With the disruption of school in the spring, 5th grade teacher Rhonda Eaton and Principal Lisa Warshafsky had to come up with new, engaging activities for their Summer STEAM Camp. Supported by EiE, and through funding from The Lynch Foundation, the Summer STEAM Camp bridged the gap to help provide engaging hands-on lessons in a virtual setting.
“Everything I teach is collaborative. Every time they sit in groups, they talk in groups, they socialize in groups,” Mrs. Eaton said, as she explained the challenges of converting hands-on learning to distance lessons. “I'm having to rethink everything I do.”
While their students have traditionally used EiE’s Engineering Everywhere program at the end of the school year, this year, the veteran teacher created a modified version for a virtual, socially distanced experience.
SJP2CA 6th grade engineers on the ready!
Each curated Engineering Adventure and Engineering Everywhere unit comes with supplies for hands-on engineering activities, from creating an hourglass to modeling water runoff in big cities. Mrs. Eaton demonstrated lessons through video chats with her students. Then, the middle schoolers completed the activity independently and either live streamed or recorded their experiments.
“They were eager to show their projects,” Theresa O’Neill, a liaison and thought partner for SJP2CA and the Catholic Schools Office said after observing students’ videos of their experiments. “And, they were eager to learn.”
One student, Erika, created an amazing cityscape out of plastic cups and tin foil to model how stormwater runs through an urban landscape. Another, Niyah, used gravel and sand to act as fake pollutants in order to show the impact of trash on water flow.
SJPCA Lower Mills- 7th grader with her individually packed, EiE On-the-Go material kits
And parents loved engaging with the experiments, too, the educators said.
“Some of our families do not have the financial resources to purchase all of the materials, particularly during these challenges times,” Warshafsky said, explaining the feedback she’d gotten from parents. “We want all students to have access to high quality programming and that was able to happen. Our students were engaged and excited to be a part of the learning process.”
Throughout the summer program, the school arranged socially-distant pickup points for parents and students to drive by and get their kits. According to Mrs.

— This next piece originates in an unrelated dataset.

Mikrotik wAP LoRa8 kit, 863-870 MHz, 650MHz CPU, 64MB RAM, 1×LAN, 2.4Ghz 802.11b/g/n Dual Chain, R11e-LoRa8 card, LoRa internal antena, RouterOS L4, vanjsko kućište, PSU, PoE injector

Eaton, the families always met her in the school parking lot on-time, excited to receive their materials and wondering what the next lessons would be.
@sjp2ca_lowermills and families posting on social media
about their excitement for their #eieinspired STEM adventures
“These are students that have no incentive other than pure learning,” O’Neill said. “There are no grades to this – it's summer time. They had the materials in front of them, they could have very easily not shown up and not done the projects, but they were excited to.”
Overall, the school considered this year’s summer program a massive success. Parents started asking for similar activities for students in other grades and expanded engineering lessons that had been given during the regular school year. With plans to include more Engineering Everywhere lessons in the future, Mrs. Eaton and SJP2CA are looking forward to seeing where the curricula take them.
“I would definitely like to say thank you to the Museum of Science, The Lynch Foundation and The Catholic Schools Office,” Principal Warshafsky said. “Because I know this would not have been possible without the support of all involved.”